== ABOUT THIS EXERCISE ==
Only the lines below from the one that contains "Erkek Kamuflaj Outdoor" through the one that contains "Cover von Entidades" should appear in your answer, exact and without pictures.

== EXTRACTED MATERIAL ==
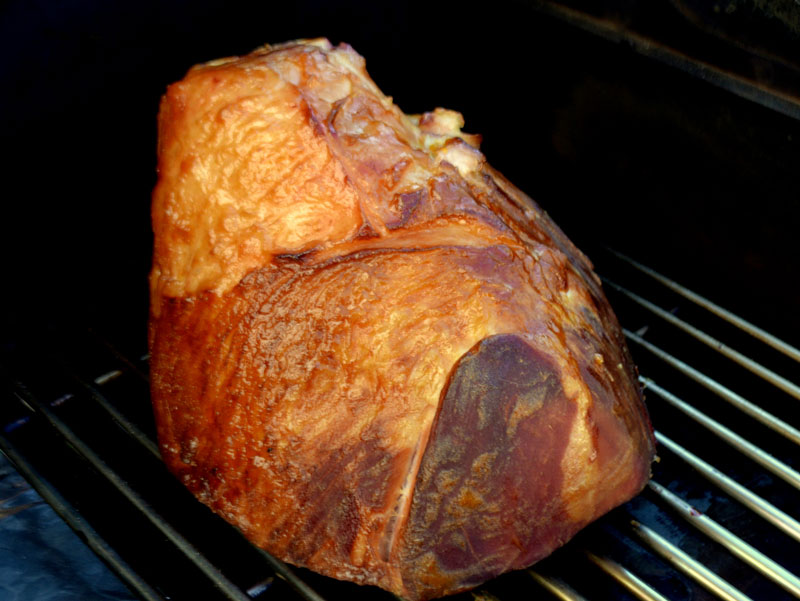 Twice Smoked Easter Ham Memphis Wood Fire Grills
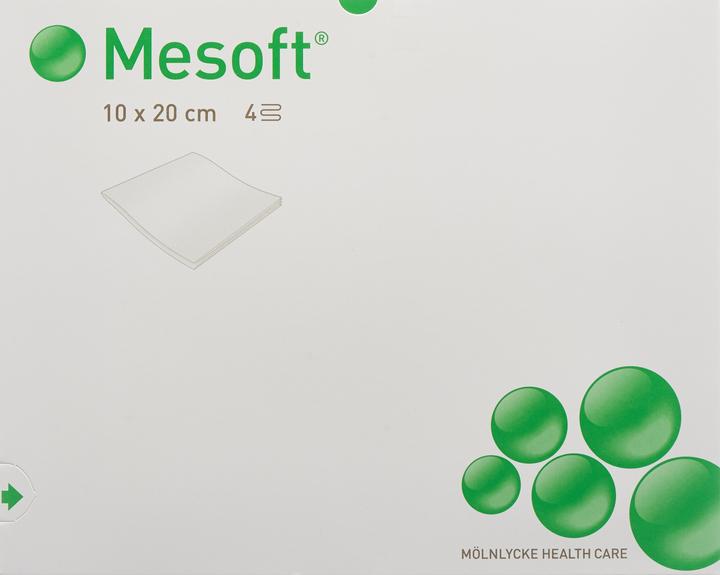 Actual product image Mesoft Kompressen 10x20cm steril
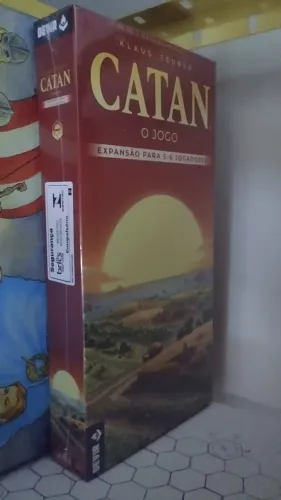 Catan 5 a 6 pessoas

...

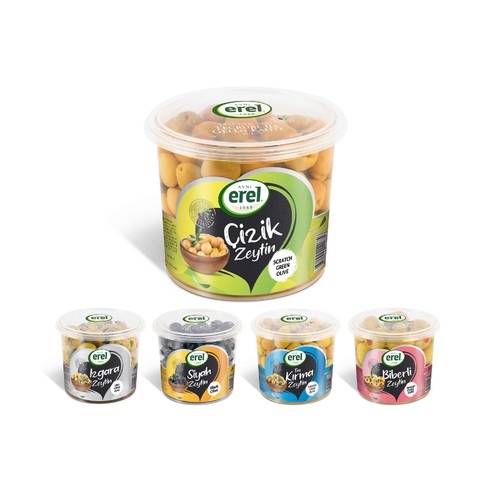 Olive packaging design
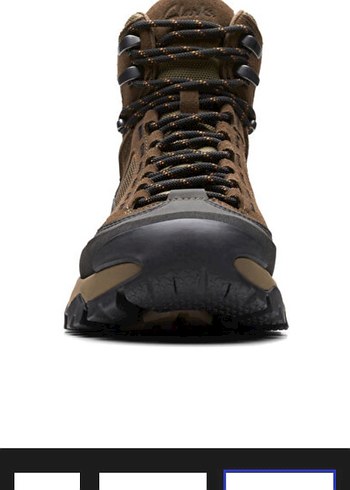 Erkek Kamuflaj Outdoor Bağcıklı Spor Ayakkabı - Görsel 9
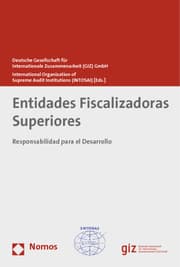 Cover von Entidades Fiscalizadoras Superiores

...

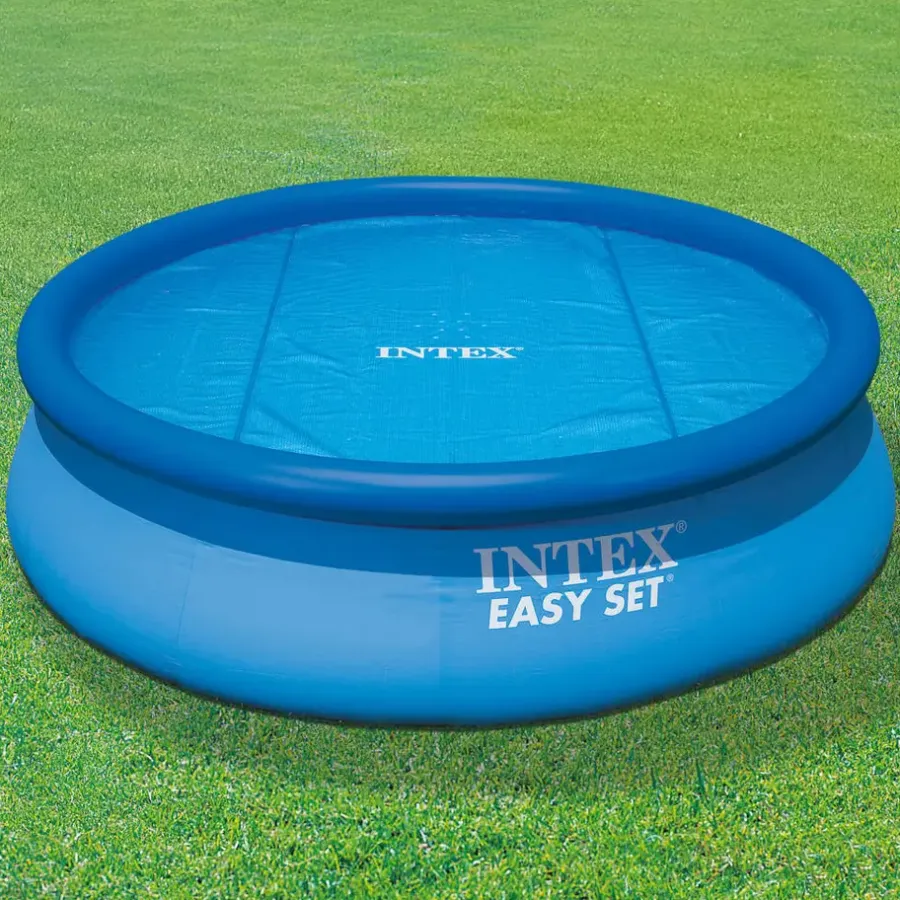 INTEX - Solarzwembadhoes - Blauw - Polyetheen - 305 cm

== EXPECTED ANSWER ==
 Erkek Kamuflaj Outdoor Bağcıklı Spor Ayakkabı - Görsel 9
 Cover von Entidades Fiscalizadoras Superiores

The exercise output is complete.